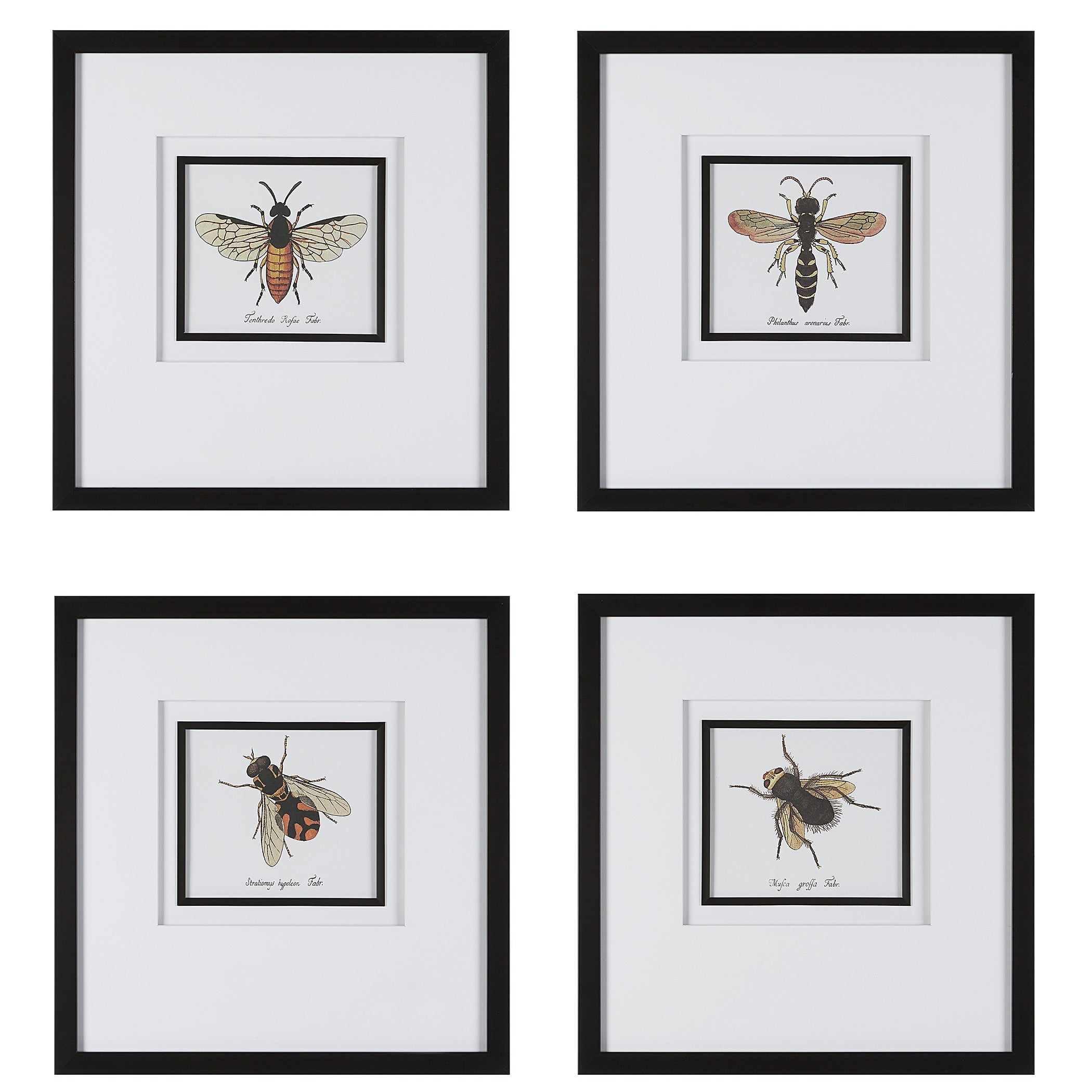 Anthophila Framed Prints - Set of 4 by Uttermost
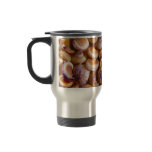 Sea Snail Shells Cyclops Nassa Cyclope Pellucidus mugs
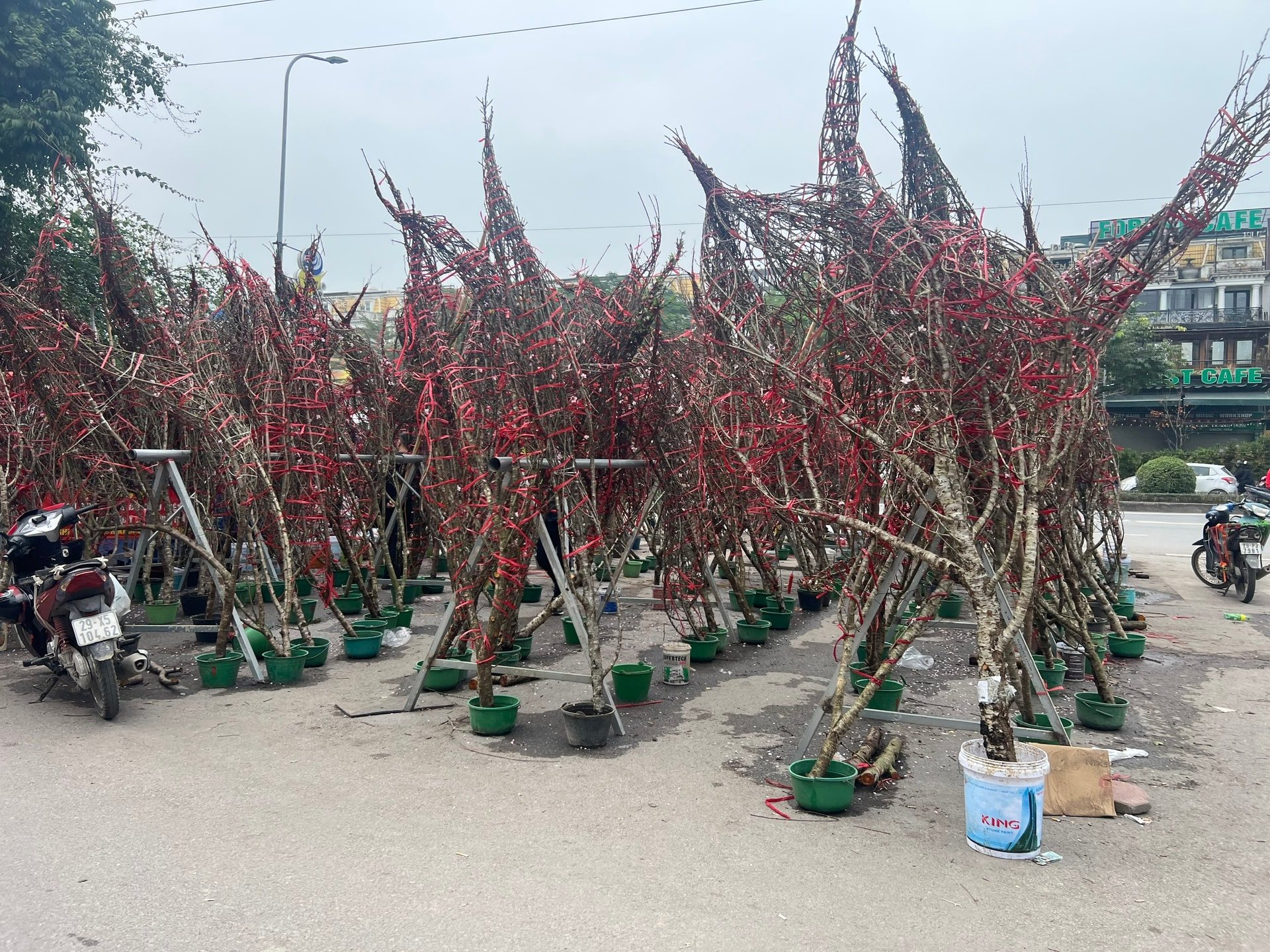 Đào rừng chờ... khách. Ảnh: TH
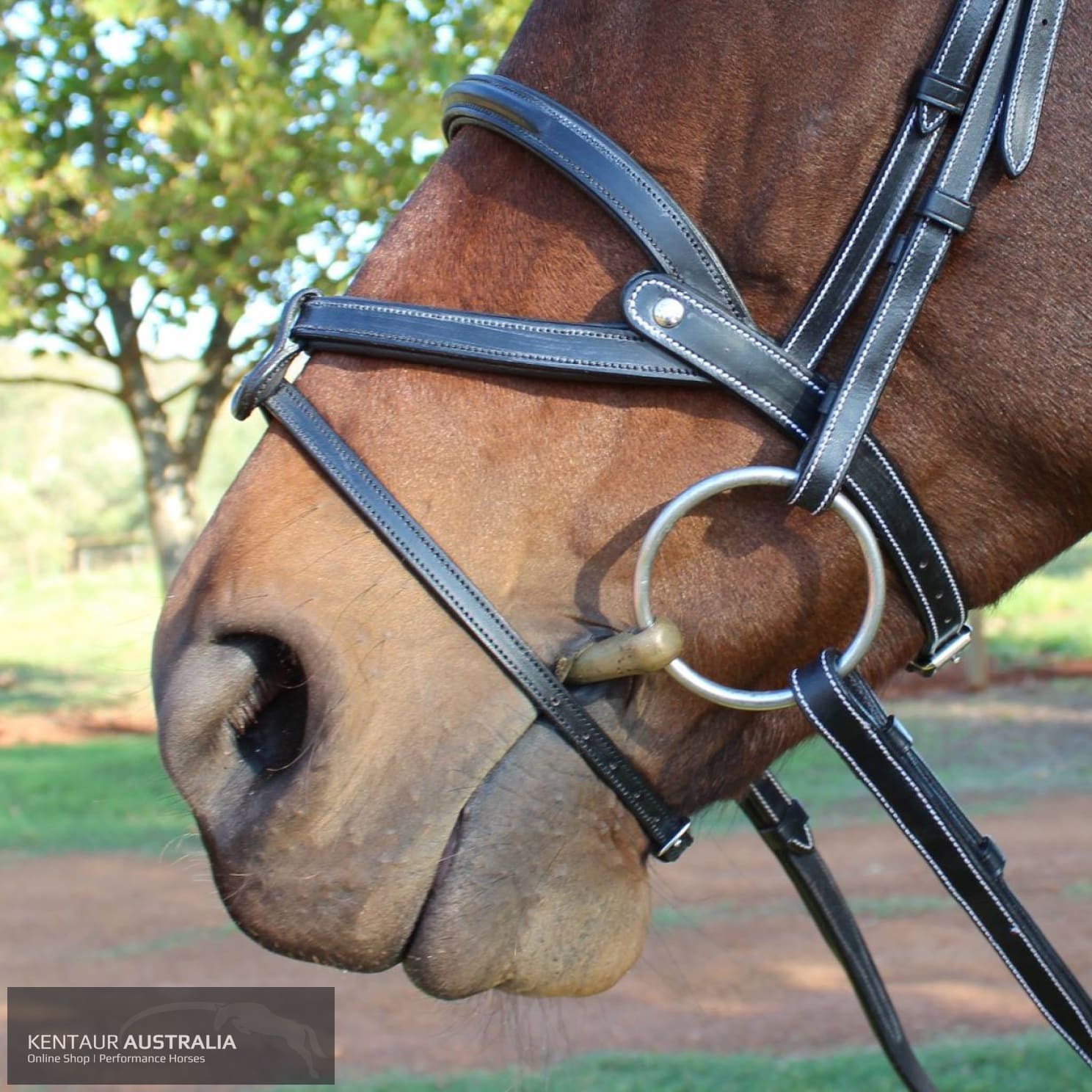 Silver Crown ’Brazilian’ Noseband Bridles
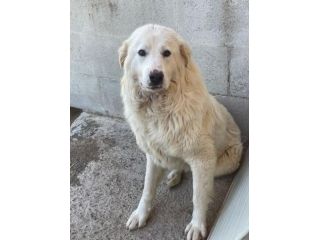 CANDY MAREMMANA 3 ANNI ORA E’ IN CANILE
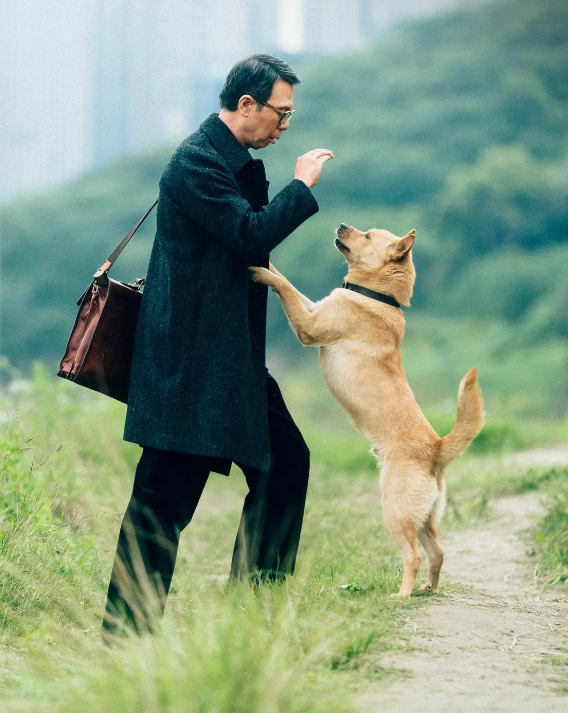 “能活在自己的喜欢里，那才叫活着。”——《忠犬八公》 ​​​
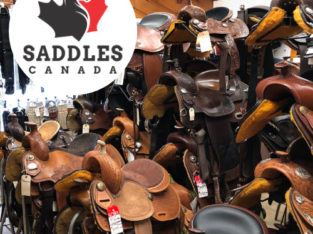 New & Used Western & English Saddles for Sale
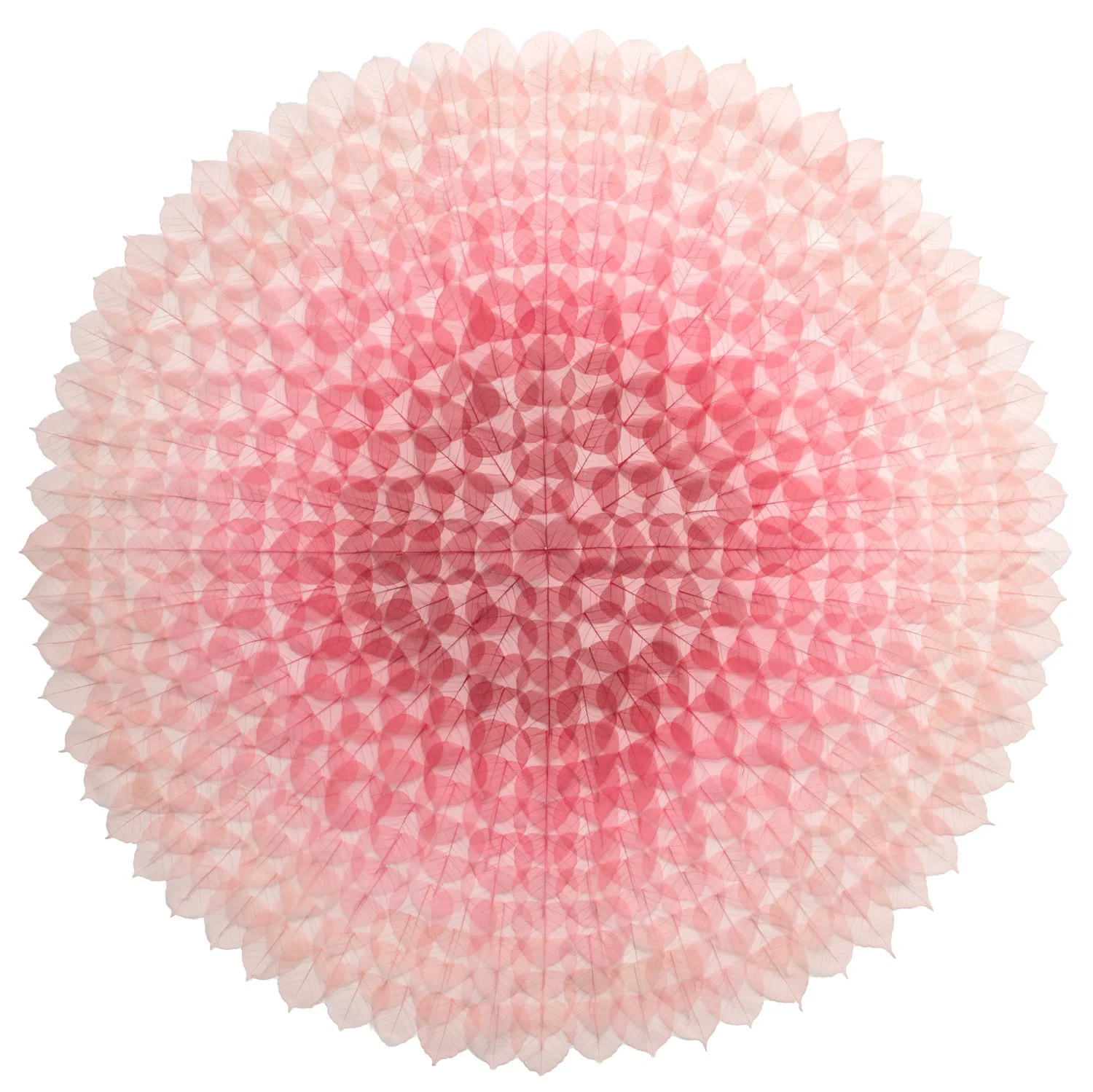 wishing mandala 72 x 72 inches dyed bodhi ficus religiosa skeleton leaves monofilament on archival ragboard 2017 miya ando_1.jpg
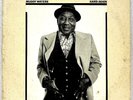 Hard Again Muddy Waters 1977 Vinyl Blue Sky Records 1st Press
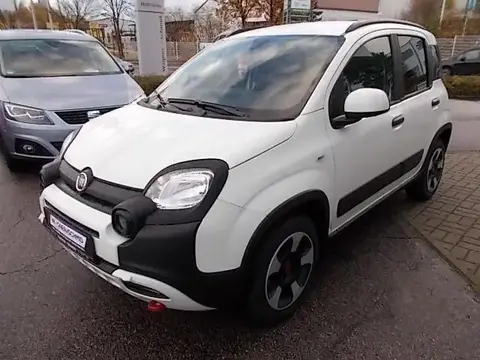 Used FIAT PANDA Petrol 2023 Ad 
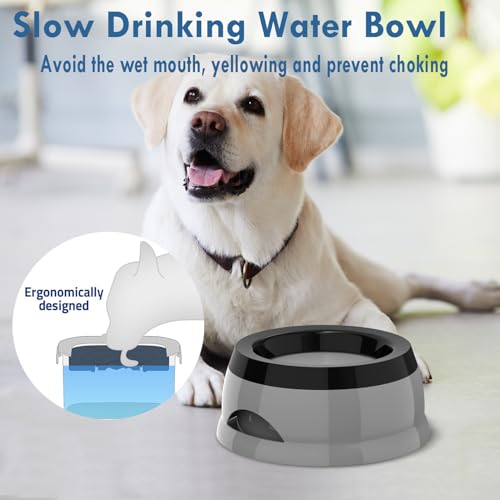 Dog Water Bowl, No Spill Cat Slow Feeder Water Dispenser Portable Vehicle Carried Car Travel Bowls for Small Medium Pets Sloppy Messy Drinkers 25oz, Grey - color: Grey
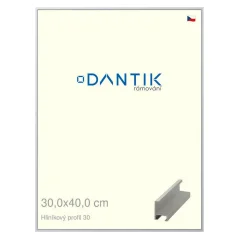 DANTIK rám na obrázky, puzzle, fotografie 30x40 | ALU profil 6030 Strieborný matný (Plexi Clear)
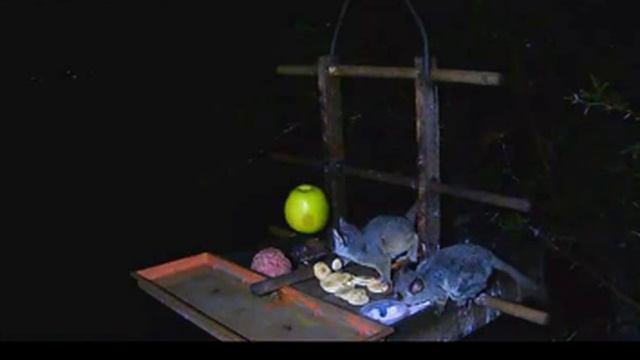 Галаго малый, Южная Африка смотреть онлайн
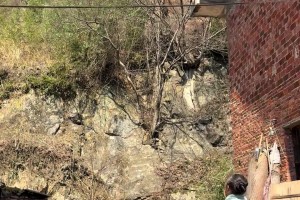 播放量300万！小姐姐投篮动作完胜90%以上爱好者 手感柔和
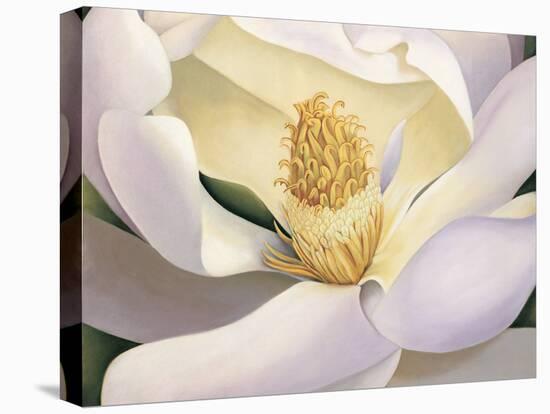 Magnolia-Virginia Huntington-Stretched Canvas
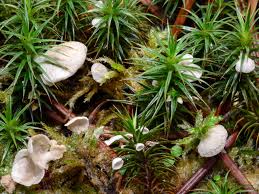 Attēlu rezultāti vaicājumam “Arrhenia retiruga”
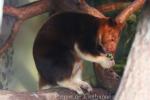 Goodfellow's tree-kangaroo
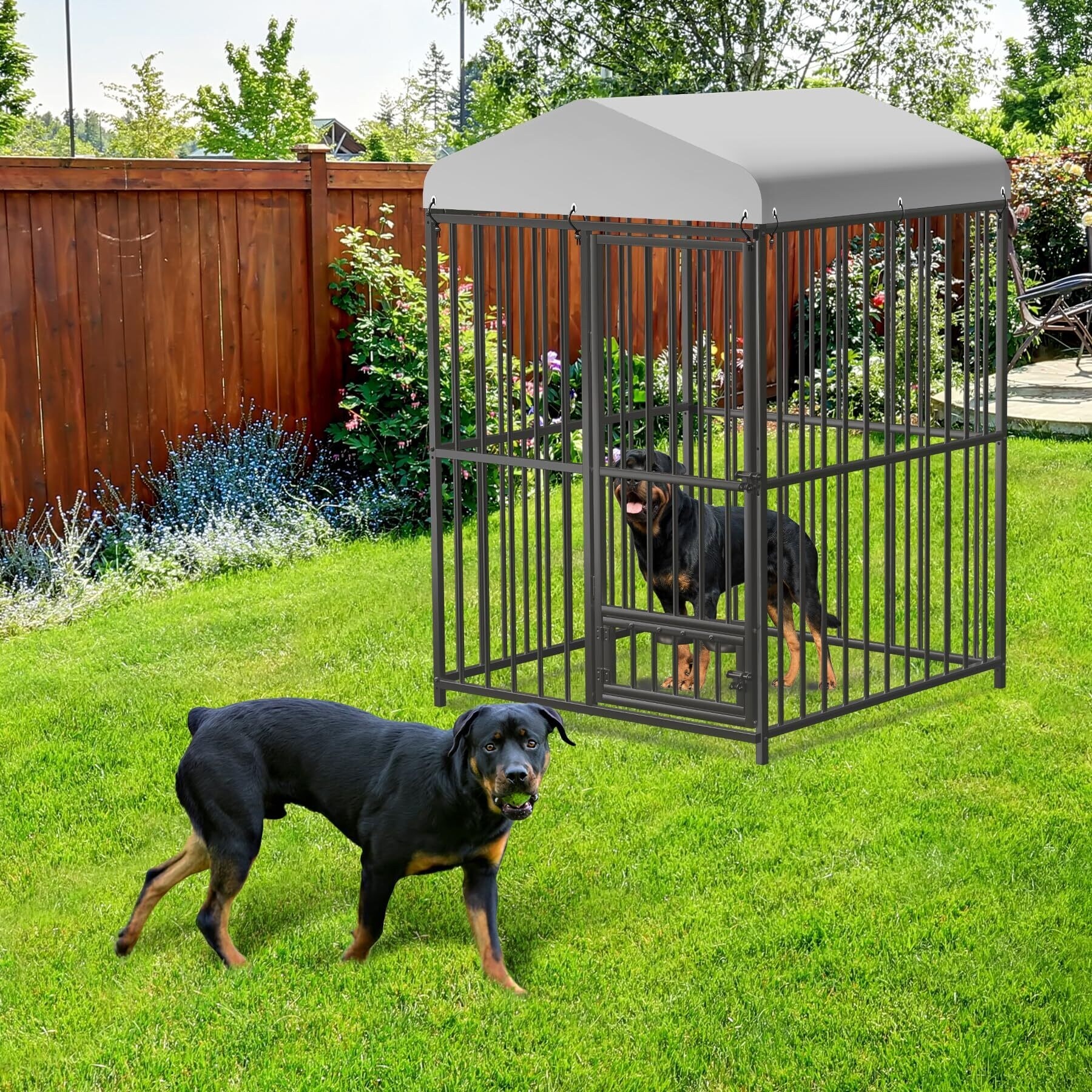 Large-Outdoor-Dog-Kennel,-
_ _ _
ACTIVITY: Every line of the data should be copied as it stands, without the images.

ANSWER TO THIS EXERCISE:
 Anthophila Framed Prints - Set of 4 by Uttermost
 Sea Snail Shells Cyclops Nassa Cyclope Pellucidus mugs
 Đào rừng chờ... khách. Ảnh: TH
 Silver Crown ’Brazilian’ Noseband Bridles
 CANDY MAREMMANA 3 ANNI ORA E’ IN CANILE
 “能活在自己的喜欢里，那才叫活着。”——《忠犬八公》 ​​​
 New & Used Western & English Saddles for Sale
 wishing mandala 72 x 72 inches dyed bodhi ficus religiosa skeleton leaves monofilament on archival ragboard 2017 miya ando_1.jpg
 Hard Again Muddy Waters 1977 Vinyl Blue Sky Records 1st Press
 Used FIAT PANDA Petrol 2023 Ad 
 Dog Water Bowl, No Spill Cat Slow Feeder Water Dispenser Portable Vehicle Carried Car Travel Bowls for Small Medium Pets Sloppy Messy Drinkers 25oz, Grey - color: Grey
 DANTIK rám na obrázky, puzzle, fotografie 30x40 | ALU profil 6030 Strieborný matný (Plexi Clear)
 Галаго малый, Южная Африка смотреть онлайн
 播放量300万！小姐姐投篮动作完胜90%以上爱好者 手感柔和
 Magnolia-Virginia Huntington-Stretched Canvas
 Attēlu rezultāti vaicājumam “Arrhenia retiruga”
 Goodfellow's tree-kangaroo
 Large-Outdoor-Dog-Kennel,-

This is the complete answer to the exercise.